We introduced an experimental setup for continuous monitoring of bacterial fermentation processes by simultaneous OD measurements, long-path FTIR gas monitoring, and liquid Raman and spectroscopic pH determination. Analysis of FTIR spectra provides partial pressures of CO2, ethanol, and acetaldehyde which can be converted to concentration in the bacterial suspension via Henry’s law. Liquid Raman spectroscopy provides concentrations of liquid and dissolved species, including formate and acetate anions and the anions of the phosphate buffer. Via a modified Henderson-Hasselbalch equation, this allows the spectroscopic, in situ determination of the pH of the suspension in the 6–8 pH range with an accuracy better than 0.1 and the calculation of the total net yield of acids. Our techniques are non-invasive, provide concentrations in real time, and do not require sampling, in contrast to standard analytical methods such as GC or mass spectrometry (MS). This allows measurements in closed systems or the measurement of the outgoing stream of a bioreactor for process control, for example. Our liquid Raman setup is truly contactless, just shining and collecting light through the glass capillary where the suspension is flowing. This is in contrast to commercial Raman probes which have to be immersed in the solution, which have issues with maintaining optical performance and sterile conditions. A final advantage of our spectroscopic approach is that it can be easily adapted to monitor additional components, its high selectivity due to unique spectroscopic signatures, the distinction of isotopomers which is essential for isotope labelling, and the ability to measure pH contactless. Spectroscopy is also a very cost efficient alternative to more expensive instruments such as GC and MS. We applied these techniques to study the mixed acid fermentation of E. coli. Different phases of bacterial growth have been observed and characterised, and we discussed the production of CO2, ethanol, and acetaldehyde as its precursor, and acids such as formate and acetate and the changes in pH in the context of the mixed acid fermentation pathway. Formate decomposition into CO2 and H2 is found to be governed by a zeroth-order kinetic rate law, showing that addition of exogenous formate to a bioreactor with E. coli is not expected to increase the rate of decomposition of formate or biohydrogen production.
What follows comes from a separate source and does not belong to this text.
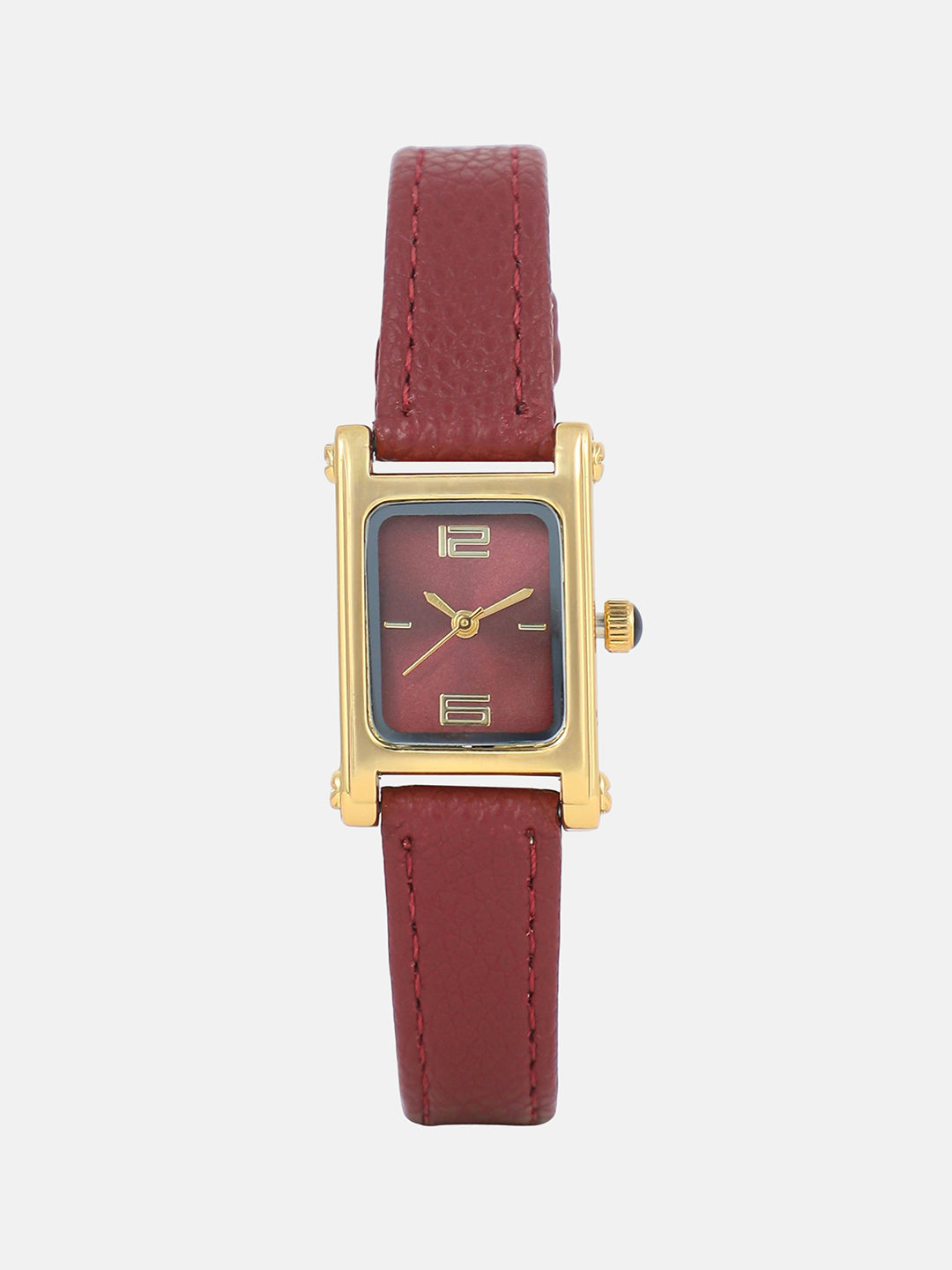 The Ruby Classic Watch - Deep Red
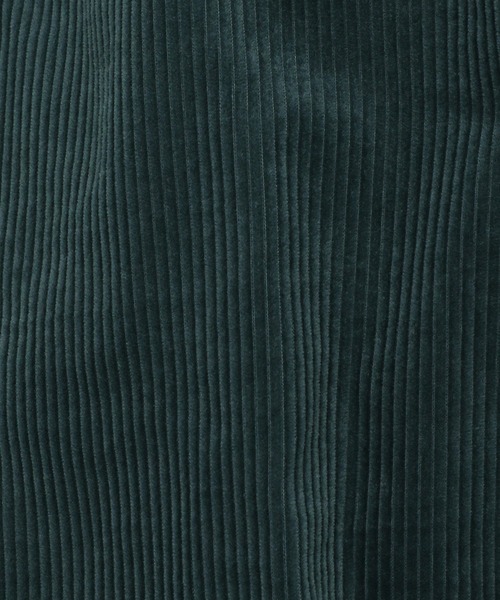 mysty woman(ミスティウーマン)の「ウエストマークコーデュロイシャツ 227708(シャツ/ブラウス・レディース・ダークグリーン/アイボリー/チャコール・FREE)」の14枚目の写真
In future work, we plan to extend our spectroscopic approach to monitoring of bioprocesses, looking for spectral features of other species such as lactate or glucose. We would also like to take advantage of the spectral distinction of isotopomers to perform isotope labelling studies to elucidate reaction mechanisms. In future work, we want to include our recently introduced technique of cavity-enhanced Raman spectroscopy [11, 20, 33, 34] to monitor gas-phase species by Raman spectroscopy, including H2. In conclusion, spectroscopic monitoring of bioprocesses has great potential to supplement or replace traditional sampling techniques.